- _TASK DIRECTIONS_
Retype the listing exactly. Leave out the images.

- _DATASET EXCERPT_

= = = =

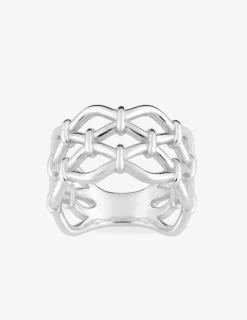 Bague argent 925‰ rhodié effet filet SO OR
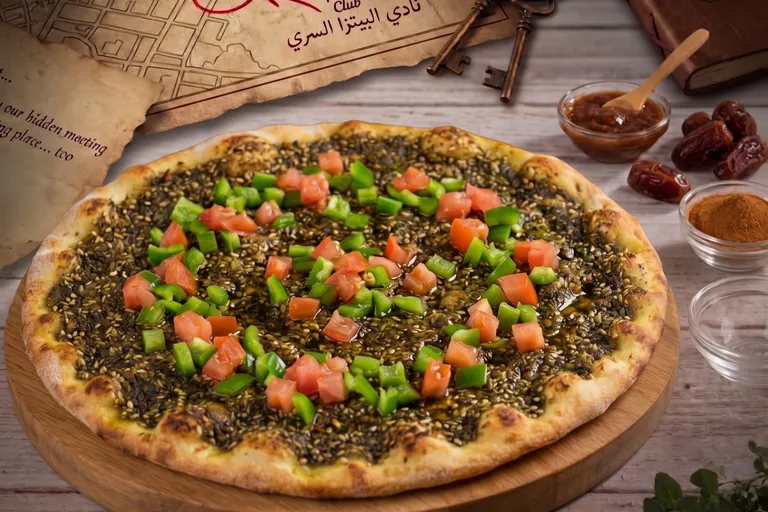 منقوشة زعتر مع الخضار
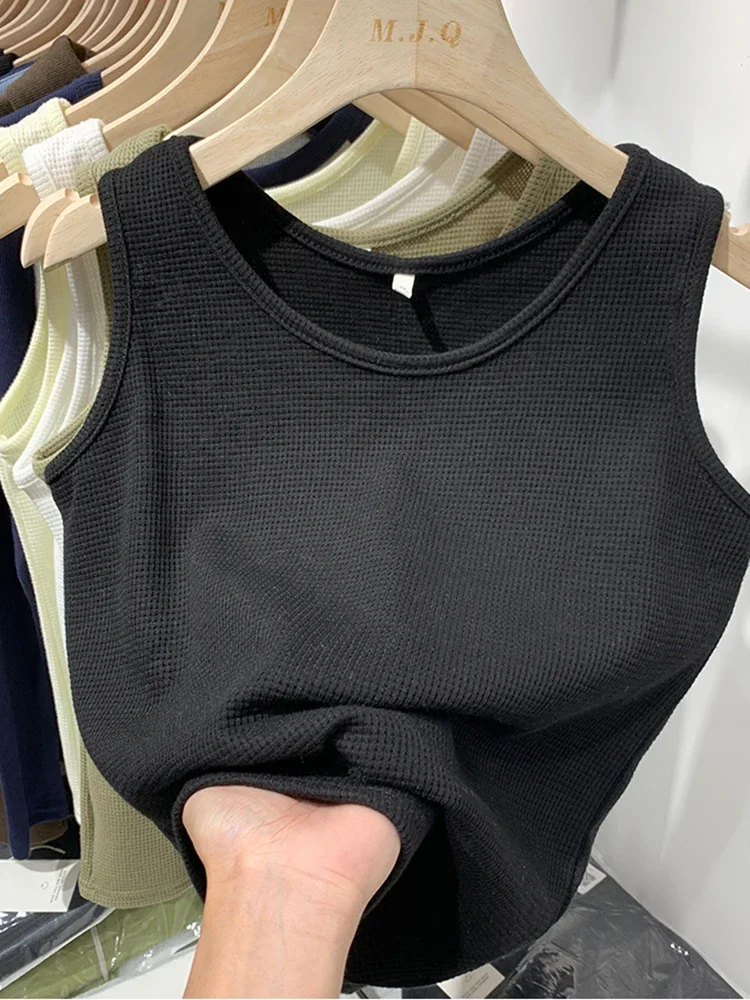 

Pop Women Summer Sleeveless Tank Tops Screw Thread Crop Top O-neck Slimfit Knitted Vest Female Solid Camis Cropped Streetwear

= = = =

- _ANSWER TO THIS TASK_
 Bague argent 925‰ rhodié effet filet SO OR
 منقوشة زعتر مع الخضار

Pop Women Summer Sleeveless Tank Tops Screw Thread Crop Top O-neck Slimfit Knitted Vest Female Solid Camis Cropped Streetwear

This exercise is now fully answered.